WHAT THE TASK ASKS: Omitting the pictures, print every line below exactly as it stands.

GIVEN DATA:
-=-=-

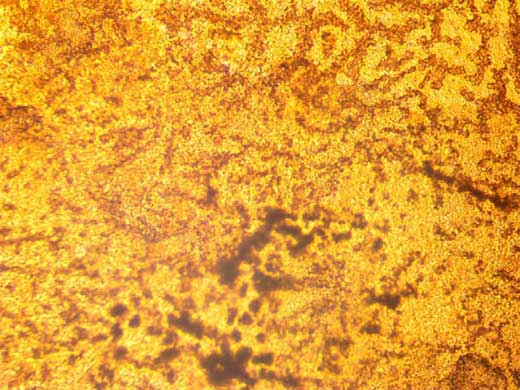 An&aacute;lisis Histologico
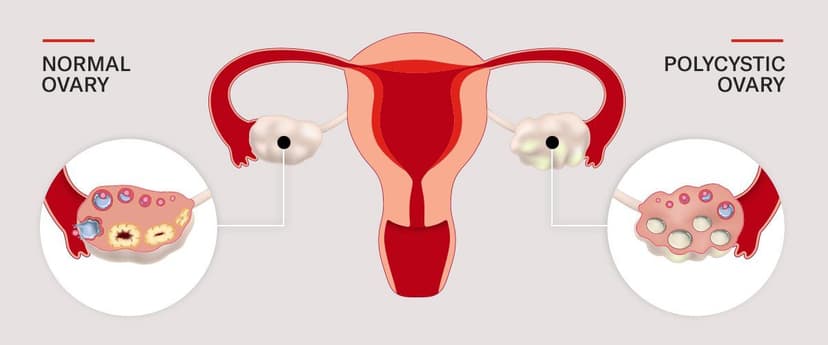 PCOS: Causes, Symptoms, and Diagnostic Tests Explained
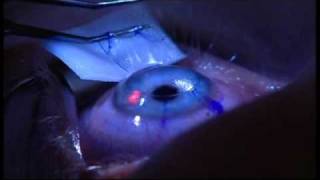 Laser Eye Surgery  The Patient Experience at London Vision Clinic on Harley St London [upl. by Rdnaskela]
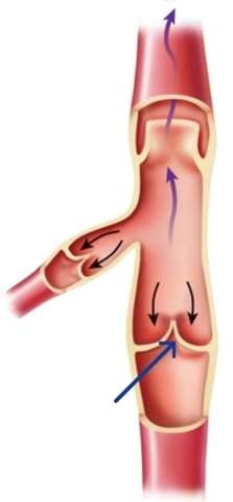 <strong>What is the function of the structure indicated in the image by the blue arrow? </strong> A) To prevent the back flow of blood B) To push blood towards the heart C) To push blood towards the body D) To separate arteries from veins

-=-=-

SOLUTION FOR THIS EXERCISE:
 An&aacute;lisis Histologico
 PCOS: Causes, Symptoms, and Diagnostic Tests Explained
 Laser Eye Surgery  The Patient Experience at London Vision Clinic on Harley St London [upl. by Rdnaskela]
 <strong>What is the function of the structure indicated in the image by the blue arrow? </strong> A) To prevent the back flow of blood B) To push blood towards the heart C) To push blood towards the body D) To separate arteries from veins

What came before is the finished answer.